Autistic children and the hospital environment
Last year I approached the team at DART about an idea I had for a project looking at the experiences of autistic children in the hospital environment. This topic was of particular interest to me because it combines the main focuses of my working life so far. I am currently in my final year of my medical degree at Edinburgh Medical School, and throughout my time at uni I have worked for the Children with Disabilities Team (CWDT) in Falkirk Council. While this includes children lots of different types of disabilities, within this group autism is by far the most common. On getting to know the children, and learning more about autism and the challenges autistic people can face in our currently neurotypical-based society, I began to think of ways that these children could struggle in the loud and busy hospital environment in which I spend most of my time. In an effort to encourage inclusion wherever possible, I decided that it was important to identify barriers and subsequently find ways to remove or reduce them.
Upon further research, I discovered certain aspects of the hospital environment had already been identified as challenging by autistic people and their families, however the pool of information was sparse and not specific to the NHS. With the help of Catherine, who supervised the project, we decided to put together a questionnaire which would explore the areas of communication, sensory stimuli, planning and preparation, and bias and assumptions about autism. The questionnaire was put online and distributed by social media and word of mouth to the parents of autistic children, and we collected a total of 51 responses.
While I was not overly surprised, the vast majority of negative responses and sad stories did shock me. Though some people had excellent feedback of our national hospitals, most reported that their child found the environment challenging in some way. The communication barrier between the autistic children, their families, and the hospital staff appeared to be vast, with reports of difficulties of both the children and their parents when communicating with medical and non-medical staff. A great number also reported a bidirectional communication problem, with healthcare professionals also struggling to communicate with their child. However, the area which most surprised me with its level of impact was the aspect of sensory challenges, both of the external environment and sensations coming from the body. I was aware of the stress caused by stimuli such as bright lights and loud noise, but I was unaware that hospitals were largely inflexible in being able to minimise these stressors. As a result, the majority of the children had had a difficult sensory experience while in hospital. But more than this, it was reported that autistic children also interpret sensations from their body differently too and were less likely to be able to express what was wrong. Respondents thought that the majority of medical staff were unaware of this and were more likely to interpret unusual behaviours as “bad behaviour” which may result in a lack of necessary and appropriate care.

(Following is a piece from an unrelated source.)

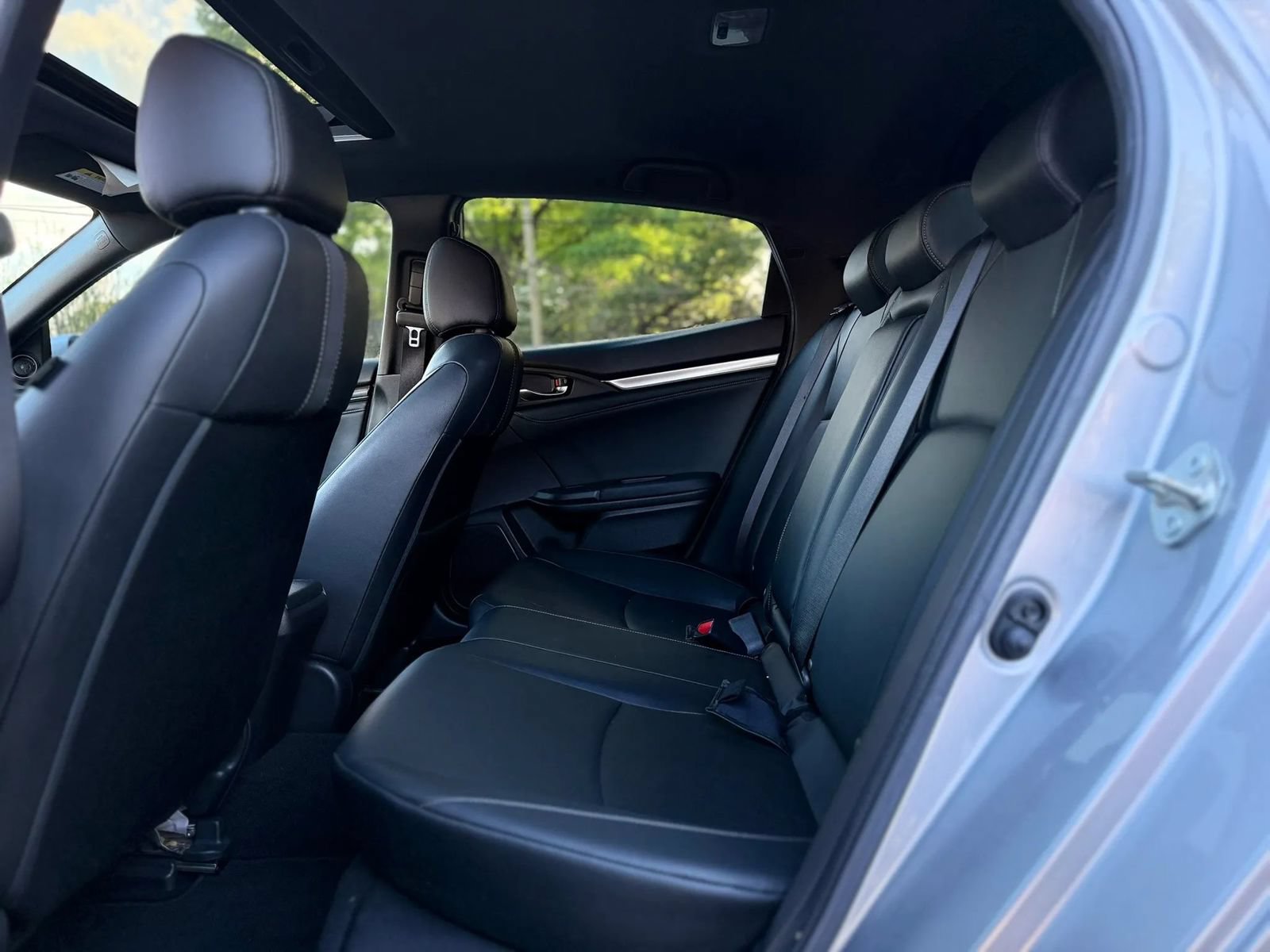 Used 2020 Honda Civic EX-L image 10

Based on the positive feedback, it was possible to determine ways in which services could be improved to allow autistic children to be more included within the NHS. Overwhelmingly, good responses were based on interactions with staff who were more educated about autism and were able to use more tailored explanations of what was happening, give more processing time and were better able to use distractions, indicating a need for autism training for hospital staff. Additionally, parents reported that they would appreciate modifications such as continuity of care and flexibility of appointments to make things easier. There are also ways to utilise pre-existing systems within the hospital, such as Key Information Summaries and Hospital Passports, to be able to inform staff about preferred methods of communication and potential stressors, making staff aware while removing the communication barrier.

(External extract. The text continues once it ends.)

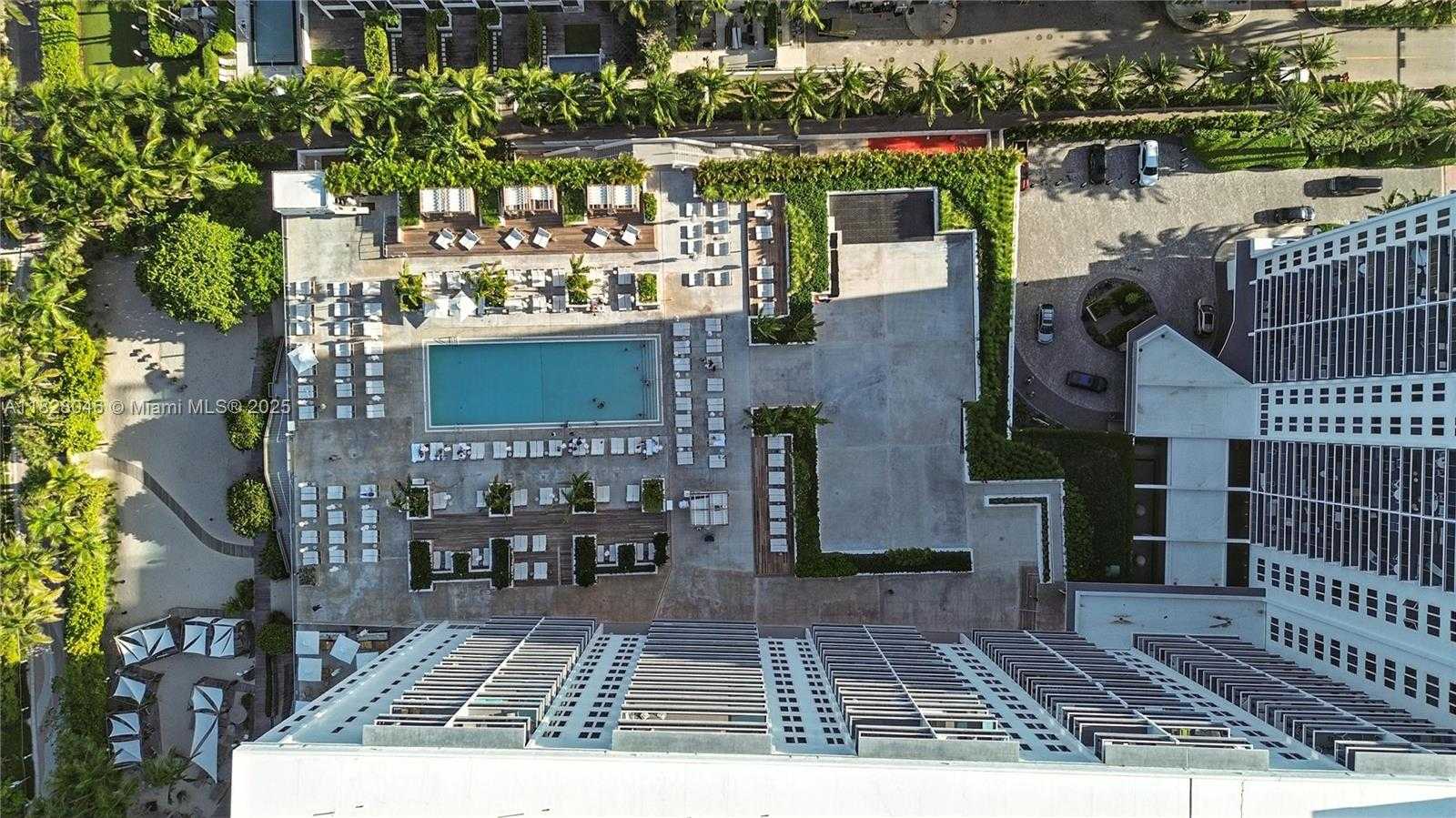 Small Image of 2301 COLLINS AVE #318, Miami Beach Number 38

On a final note, it struck me most that there is a profound lack of awareness among hospital staff that autistic children face these difficulties in the first place. For a lot of parents, I think their unsatisfaction with the hospital environment and staff was more to do with a lack of staff education regarding autism and the challenges they face in our society, which is geared towards neurotypical people. These challenges, however, are not insurmountable and changes implemented in the right way can promote inclusion and improve healthcare for autistic people across their lifespan. I am fortunate in my job with the CWDT that I now have a better understanding as a neurotypical individual and I can only hope to put this into use to help the autistic patients that I will treat in the future to feel more included in the hospital environment and ensure that they get the level and quality of care that they are entitled to.
You can download a copy of the infographic as a PDF here
Catherine,
Great project! Congrats on your important and meaningful work!
I want to invite you to join our group for health professionals on this very subject; based in the US but with international members: hpautismnetwork.org
I’d be super interested in seeing you repeat the survey (if possible) but this time reaching out to autistic adults for their perspectives. They have a first-person perspective on this that we parents just can’t have, and can provide helpful feedback for kids and adults alike.
Again, congrats on the great work and thanks for sharing it with us!
The communication aspect of this study chimed with our own experience and I’d like to draw particular attention to one key problem that arises from this. Autistic people cannot describe what they’re feeling in the same way as neurotypical people so there is the added danger that medical folk will misdiagnose or miss important factors. As you say, some do take the time to listen and attempt to understand but some are in too much of a rush. Autistic people feel things differently and struggle to explain what they’re feeling in a way that a doctor would understand, and there is clearly a need to consider the implications of this for medical diagnosis.